Individual retirement account assets saw their third consecutive year of growth in 2005, reaching a record high of $3.67 trillion, according to a new report by the Employee Benefit Research Institute (EBRI). The report, which used data from the Internal Revenue Service and the Investment Company Institute, indicates that IRA assets now surpass assets in either defined contribution or defined benefit plans. While IRAs held $3.67 trillion in 2005, defined benefit plans held $2.15 trillion and defined contribution plans held $2.97 trillion.

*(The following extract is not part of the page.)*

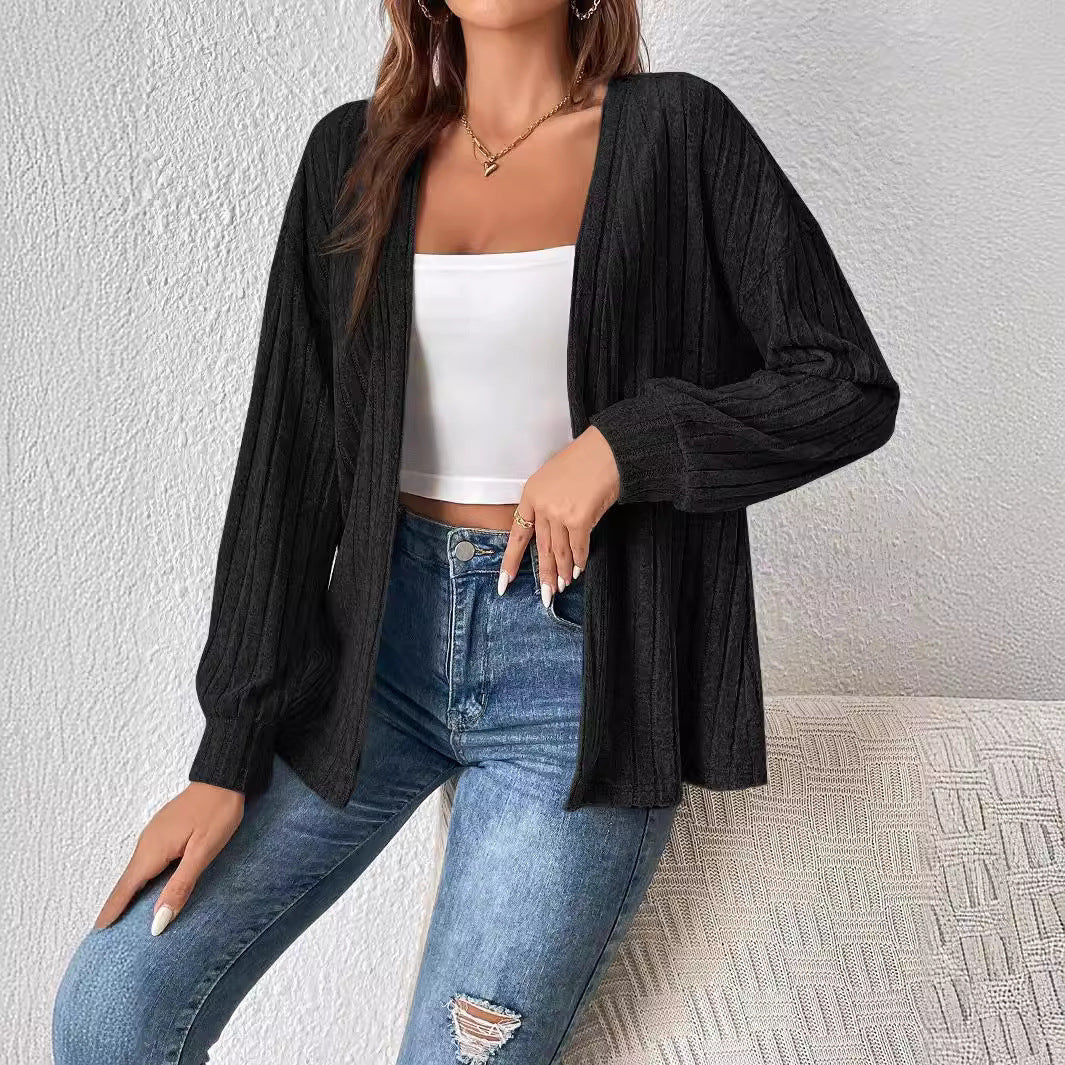 Veste en tricot pour femmes avec surface structurée et manches longues Chic und Stil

Rollovers from employment-based tax-qualified retirement plans like 401(k)s--which EBRI says amount to $200 billion per year--fueled the growth in IRAs. Contributions to IRAs, the report notes, which annually amount to $40 billion-plus, pale in comparison to rollovers. The report also found that growth in IRA assets occurred mostly in mutual funds and self-directed brokerage accounts. The report also notes that while most IRA assets are in traditional IRAs--tax-deferred on contributions but taxed at withdrawals--the largest share of contributions is going to Roth IRAs (31%), which are taxed on contributions but tax-free upon withdrawal, and other IRAs.
However, relatively few Americans are taking advantage of this retirement planning option: only 10% of eligible taxpayers contributed to IRAs in each year from 2000 to 2002.